▶ [Work request]: All of the lines below are to be transcribed faithfully, with pictures excluded from the copy.

▶ [Input data]:
◆ ◆ ◆ ◆ ◆ ◆ ◆
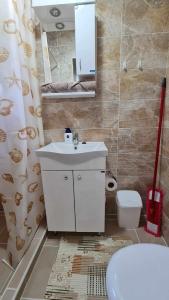 een badkamer met een wastafel, een toilet en een spiegel bij Bel Apartman in Subotica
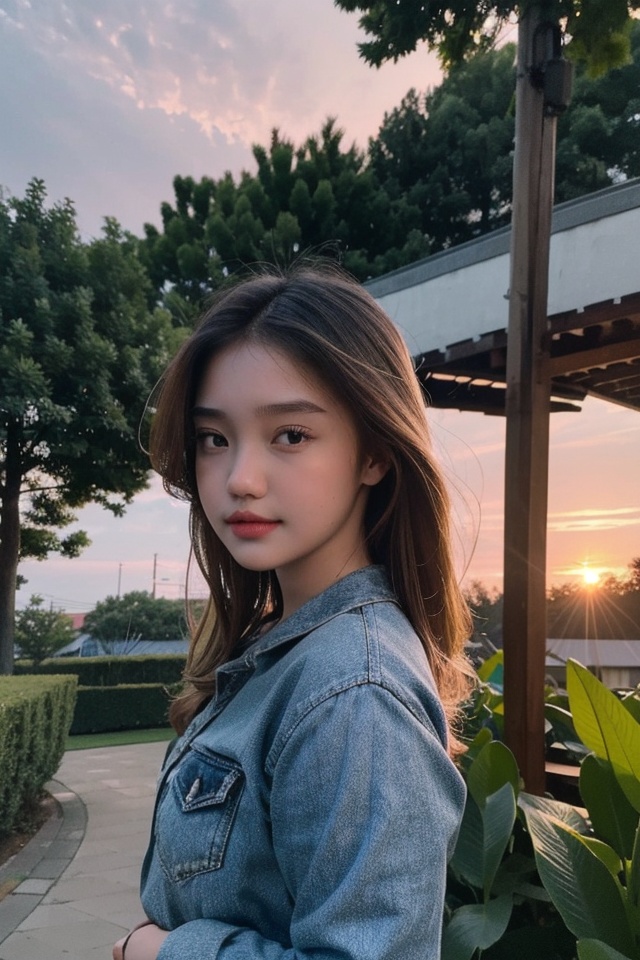 1Beautiful girl,  highly detailed,  High-definition raw color photos,  professional photograpy,  Realistic portrait,  teenager,  Outdoors,  beautiful sunset, 
,littlesshine,kienzy_mylien02,chndrika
◆ ◆ ◆ ◆ ◆ ◆ ◆
▶ [Response for this exercise]:
 een badkamer met een wastafel, een toilet en een spiegel bij Bel Apartman in Subotica
 1Beautiful girl,  highly detailed,  High-definition raw color photos,  professional photograpy,  Realistic portrait,  teenager,  Outdoors,  beautiful sunset, 
,littlesshine,kienzy_mylien02,chndrika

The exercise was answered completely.